Manish Tiwary, country manager for Amazon India, has stepped down to pursue other opportunities, ending an eight-year association with the global ecommerce major.
Tiwary joined Amazon India in 2016 and spent four years as vice president before being elevated to country manager in 2020. He led the consumer and seller services vertical for four years. Before joining Amazon, he served as the managing director of Unilever’s Gulf business.
Tiwary will remain with the company until October, the firm said in a statement on Tuesday, and Amit Agarwal, vice president of India and emerging markets, will work closely with the team once he leaves.
The company said, “India is an important priority for Amazon. We are excited by the momentum and business results we have already achieved, and we are even more optimistic about the significant opportunities ahead to innovate on behalf of our customers and digitally transform lives and livelihoods.”
Amazon’s India arm continues to face stiff competition from Walmart-owned Flipkart and tier 2-focused Meesho in India’s growing e-commerce market. The market is currently valued at $70 billion and is forecast to grow to $325 billion by 2030, driven by increasing internet penetration and smartphone users.
India has turned out to be a key market for Amazon India, prompting greater investment over the past few years.

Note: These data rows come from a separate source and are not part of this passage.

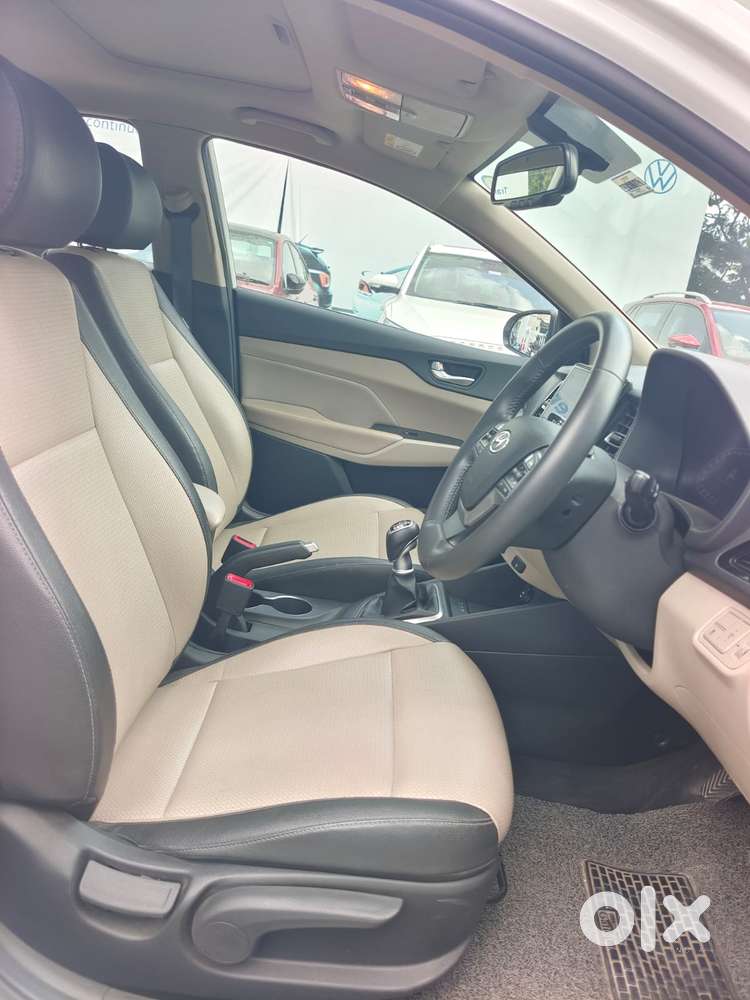 Hyundai Verna 1.6 Sx (o) Vtvt, 2021, Petrol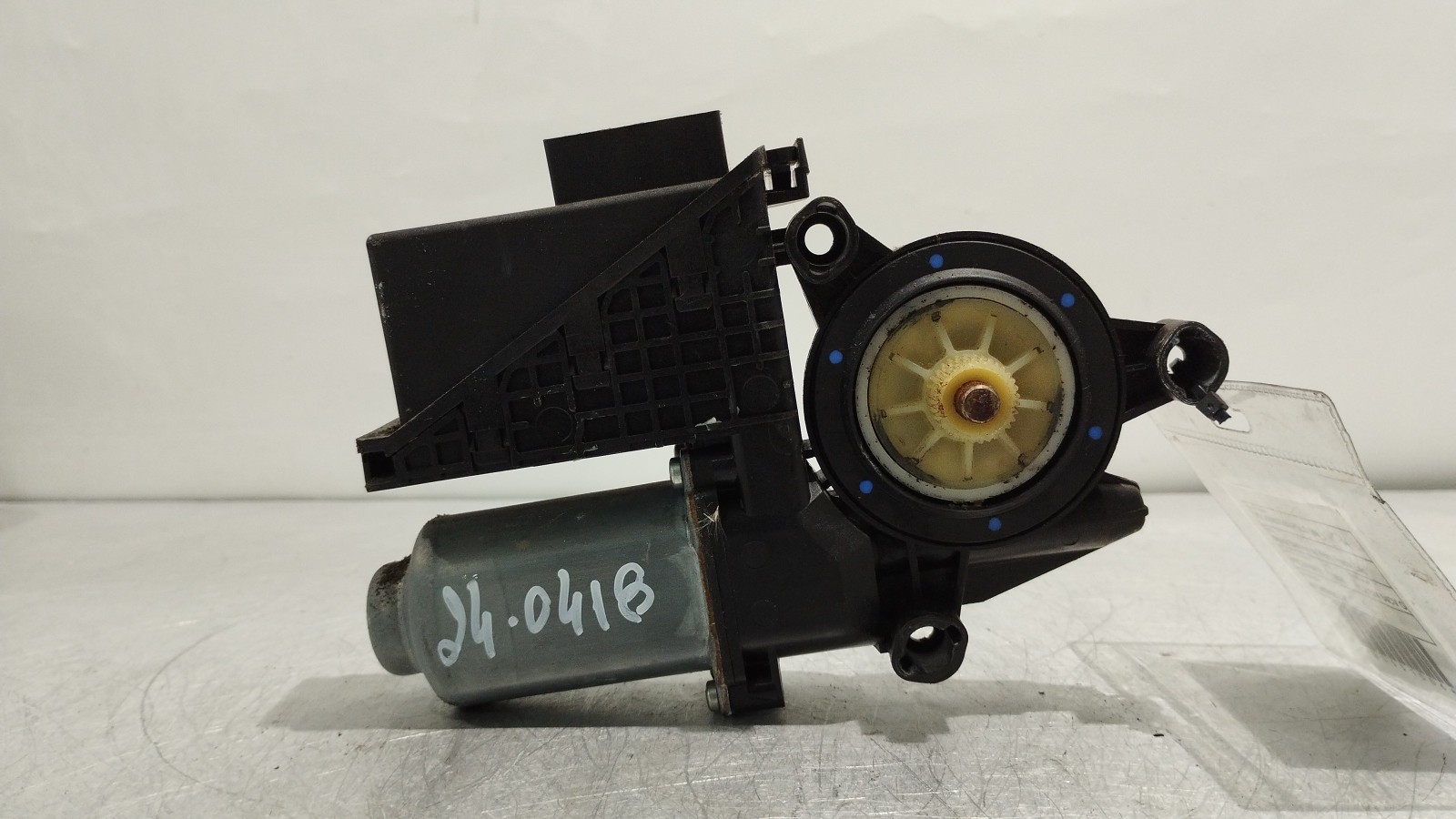 Motor Elétrico do Vidro Frente Esq VOLKSWAGEN POLO (9N_) | 01 - 14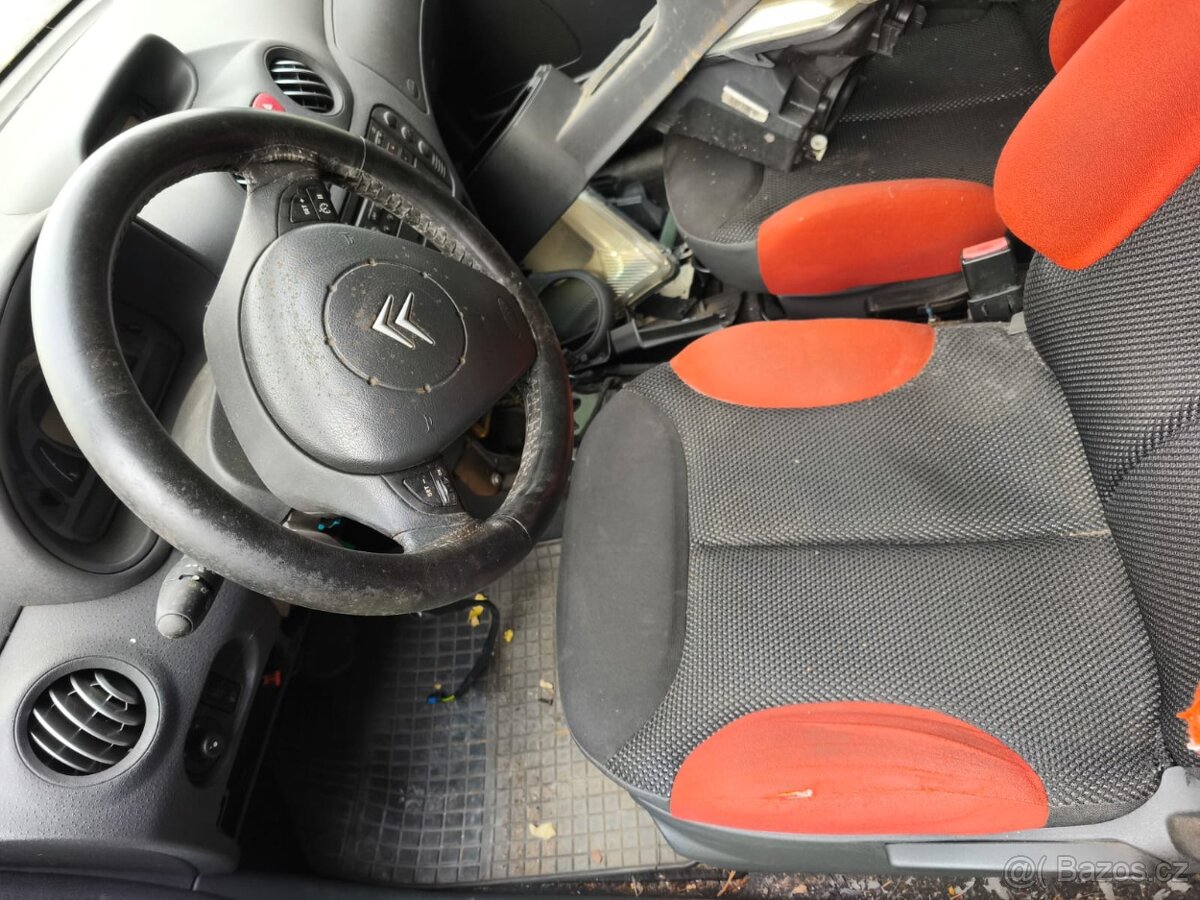 Citroen C2 VTR 1.6 80kw AUTOMAT na ND - 4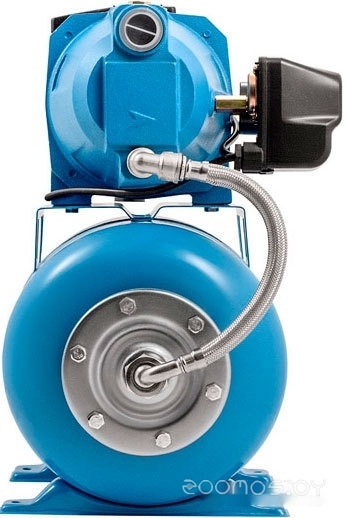 Насосная станция Unipump Auto Eco Jet 80 LA, фото 3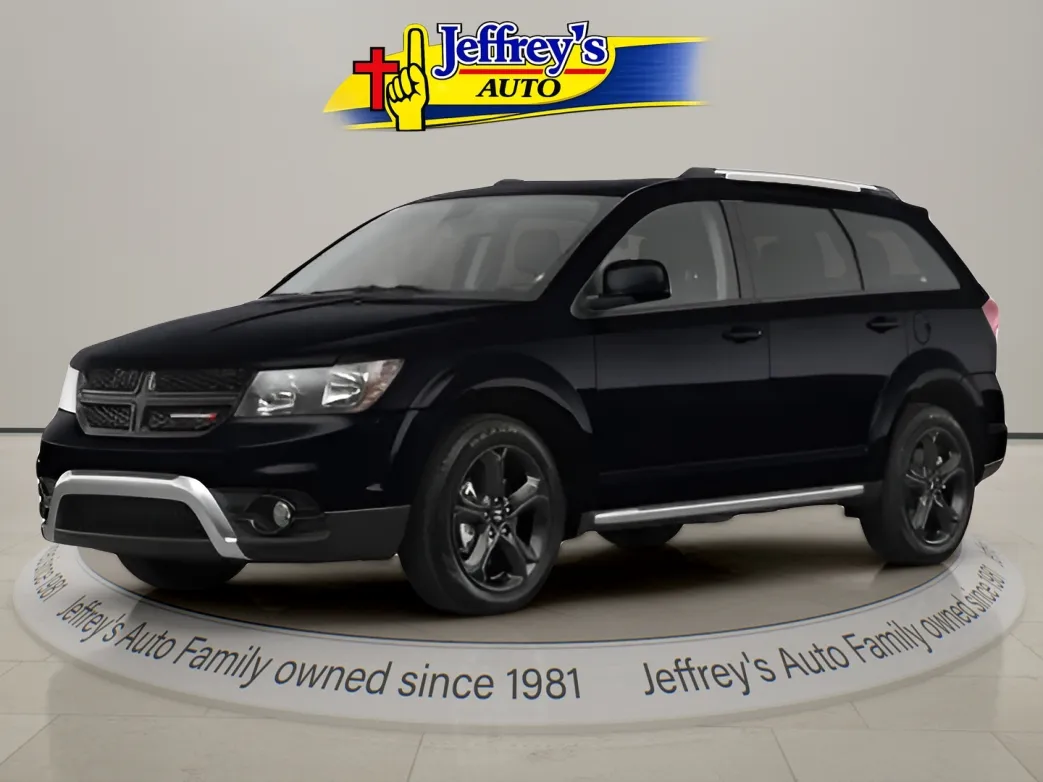 2020 Dodge Journey Crossroad FWD's photo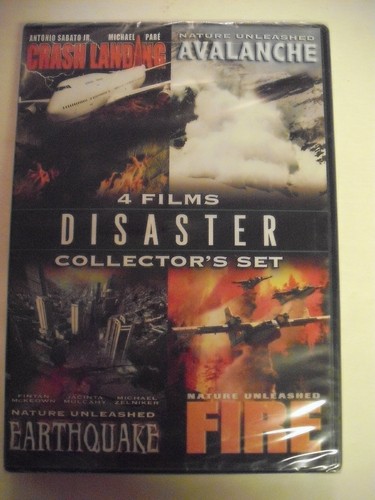 Disaster film collector - 4,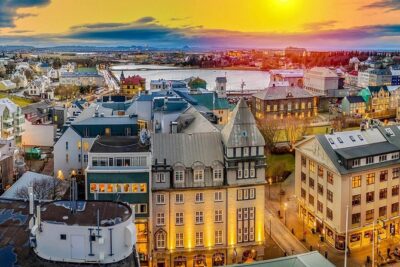 Reykjavik International Airport Private Arrival Transfer - What the 45-minute ride feels like (and what you should expect)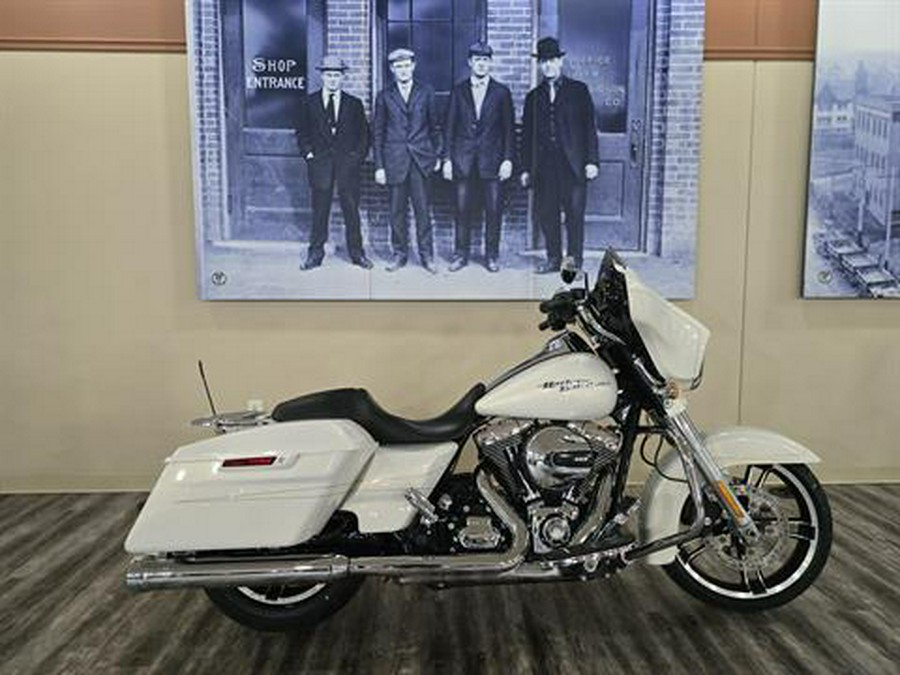 2015 Harley-Davidson Street Glide® Special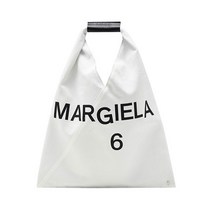 [MM6 MAISON MARGIELA] 로고 프린트 스몰백 S54WD0043 P4537 H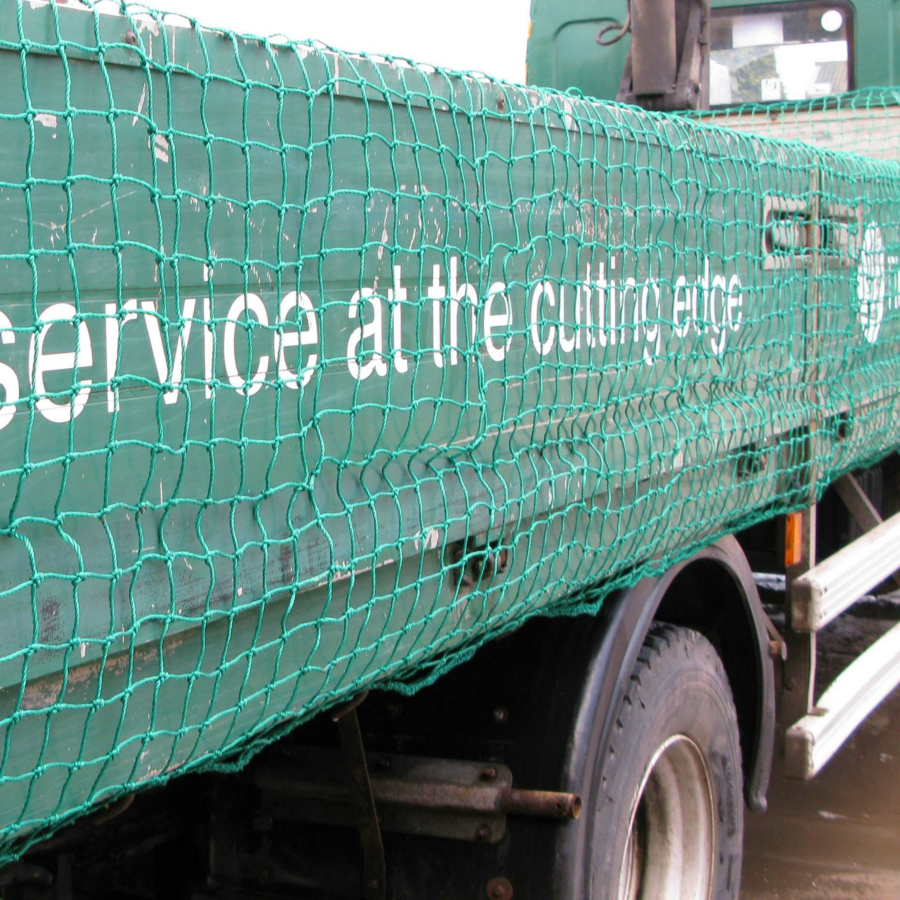 Truck/Lorry Nets [Ultra Heavy Duty] | Net World Sports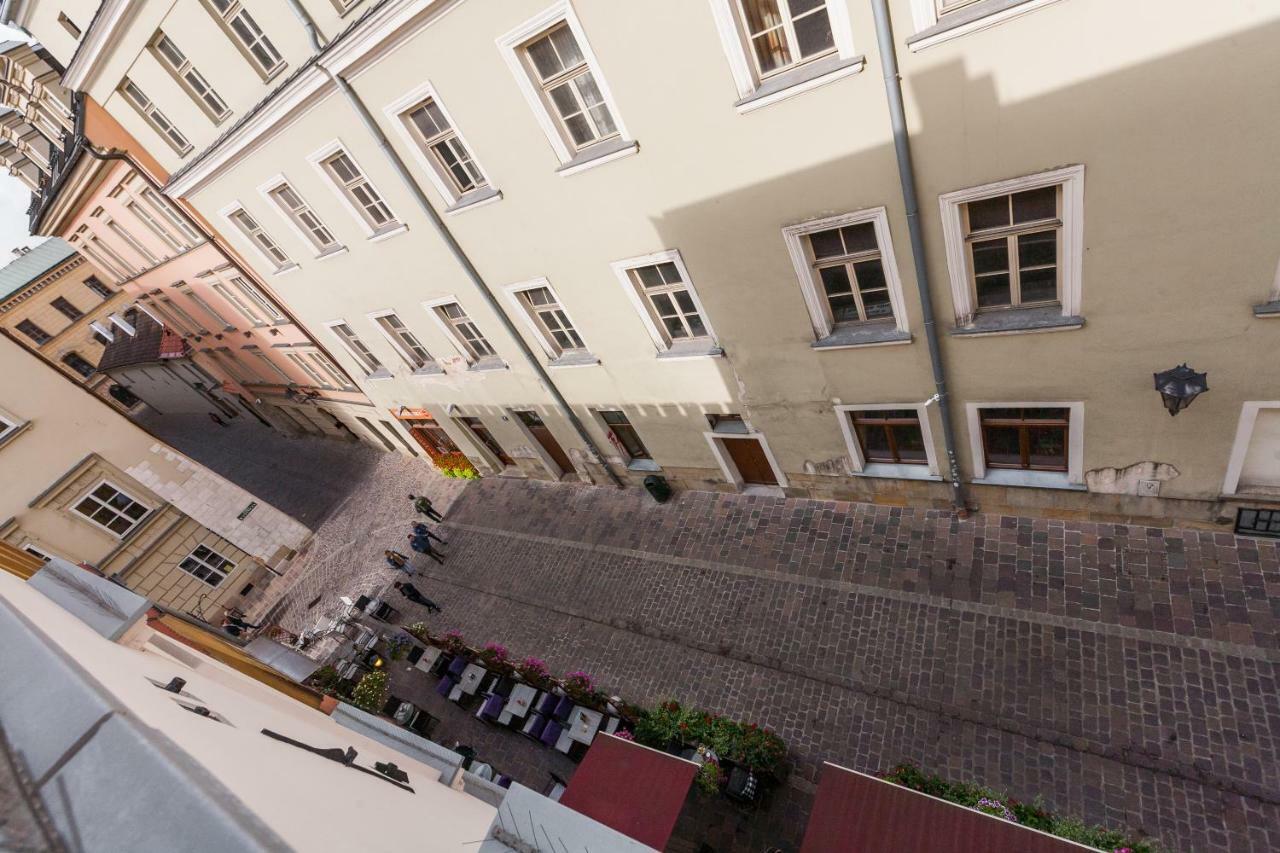 Vintage Senacka 5 Apartments คราคูฟ ภายนอก รูปภาพ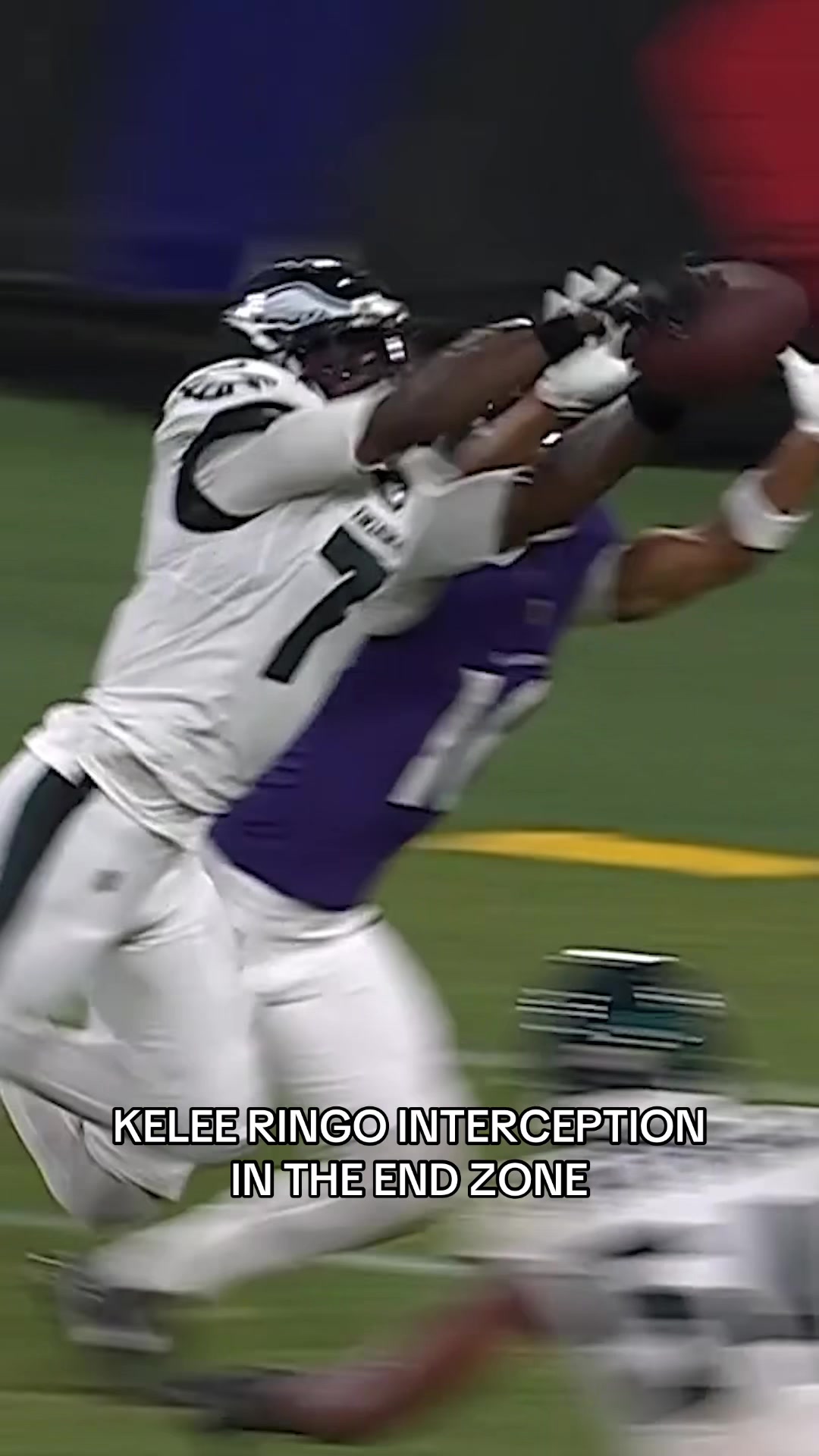 @Philadelphia Eagles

In February, the firm’s US entity invested about $100 million in Amazon Seller Services. Tiwary said last year that the tech giant had digitised more than two million small businesses in India in 2022 alone, and was on course to meet its target of digitising 10 million of them by 2025.
In July we reported that a controversial levy India imposed four years ago on digital services rendered to Indian businesses by offshore technology firms, which caused a tiff between New Delhi and Washington, has been scrapped.
The Finance Bill 2024 presented by finance minister Nirmala Sitharaman proposed to scrap from 1 August the 2% equalisation levy on a wide array of services rendered by offshore tech firms including cloud services and e-commerce services.
The move brings huge relief to global e-commerce players, especially American ones, as many businesses were facing tax disputes on account of this levy, experts said.
India had in 2020 expanded the scope of its equalisation levy – first introduced in 2016 on offshore firms hosting advertisements targeted at Indian consumers – to include other e-commerce services by off-shore entities.